Dickinson said far-right bloggers' attempts to "smear" Koh, the Dean of Yale Law School who has been nominated as the Legal Adviser at the U.S. Department of State, "have gone from silly to absurd." She said critics have spread "patently false" rumors that Koh wanted Islamic law to govern cases in U.S. court, and that his "transnational legal views threaten fundamental American principles of representative government."
"Koh's transnationalist legal perspective does no such thing," Dickinson asserted in a blog titled, "State Department Legal Adviser Nominee Harold Hongju Koh Holds Mainstream Legal Views." "It is a simple recognition of our legal interdependence with the rest of the world-traditional, not novel; not a surrender of sovereignty but a recognition that we must engage diplomatically to assert our interests."
To read the full article in Opinio Juris, a forum for informed discussion and lively debate about international law and international relations, click here.

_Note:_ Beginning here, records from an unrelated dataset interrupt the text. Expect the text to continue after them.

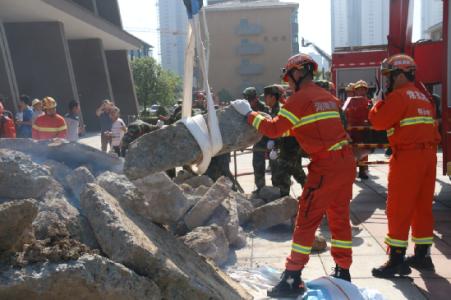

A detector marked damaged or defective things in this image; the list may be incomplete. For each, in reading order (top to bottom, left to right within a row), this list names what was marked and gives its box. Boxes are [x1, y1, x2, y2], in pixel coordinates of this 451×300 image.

broken concrete slab [0, 199, 38, 253]
broken concrete slab [0, 149, 52, 200]
broken concrete slab [0, 138, 123, 173]
broken concrete slab [65, 166, 95, 199]
broken concrete slab [131, 171, 194, 225]
broken concrete slab [80, 184, 251, 298]
broken concrete slab [125, 106, 264, 179]
broken concrete slab [180, 226, 230, 266]
broken concrete slab [185, 176, 231, 230]
broken concrete slab [251, 197, 300, 230]
broken concrete slab [0, 253, 161, 300]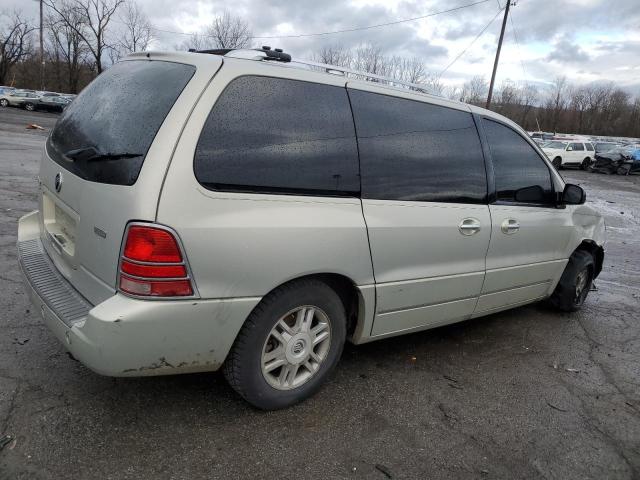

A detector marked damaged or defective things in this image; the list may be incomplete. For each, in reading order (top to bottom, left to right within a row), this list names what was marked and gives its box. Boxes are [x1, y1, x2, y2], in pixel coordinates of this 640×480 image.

damaged rear bumper [17, 212, 258, 376]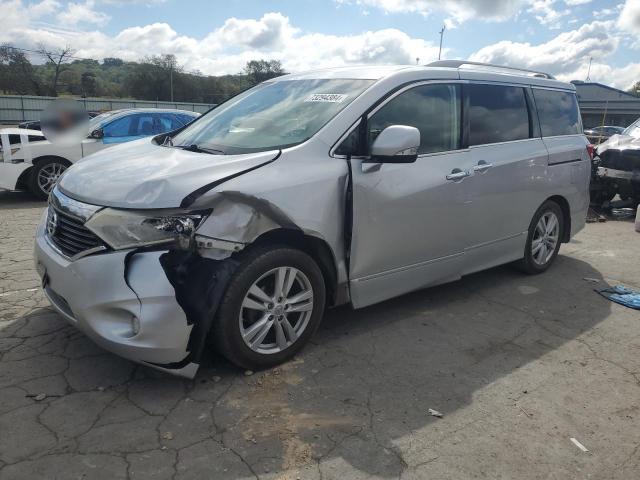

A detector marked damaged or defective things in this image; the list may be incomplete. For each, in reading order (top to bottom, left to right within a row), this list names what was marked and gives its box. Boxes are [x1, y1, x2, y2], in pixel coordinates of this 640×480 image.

damaged front bumper [33, 212, 199, 376]
damaged car in background [33, 62, 592, 376]
cracked asphalt [1, 189, 640, 478]
damaged car in background [592, 118, 640, 206]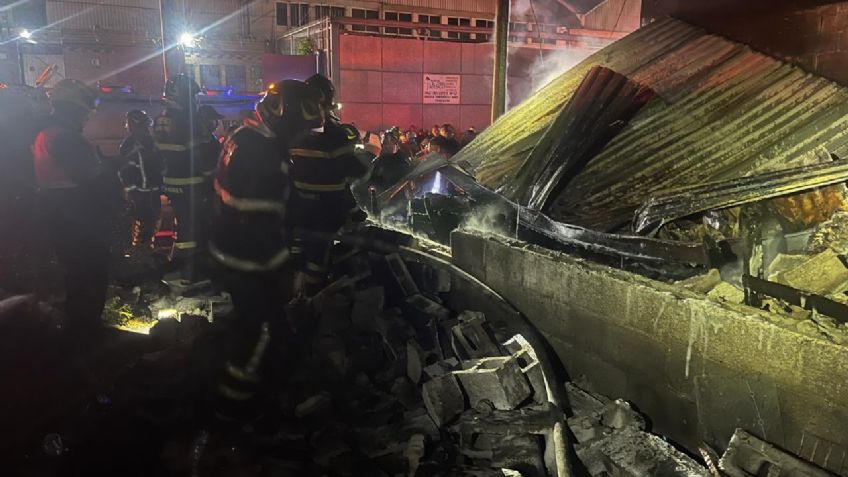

Dickinson's work focuses on human rights, national security, foreign affairs privatization, and qualitative empirical approaches to international law. She is currently working on a monograph, Outsourcing War and Peace, to be published by Yale University Press. The book examines the increasing privatization of military, security, and foreign aid functions of government, considers the impact of this trend on core public values, and outlines mechanism for protecting these values in an era of privatization. Dickinson is a term member of the Council on Foreign Relations and a member of the Executive Council of the American Society of International Law, and co-organizer of a Collaborative Research Network on Empirical Approaches to International Human Rights Law, convened under the auspices of the Law & Society Association.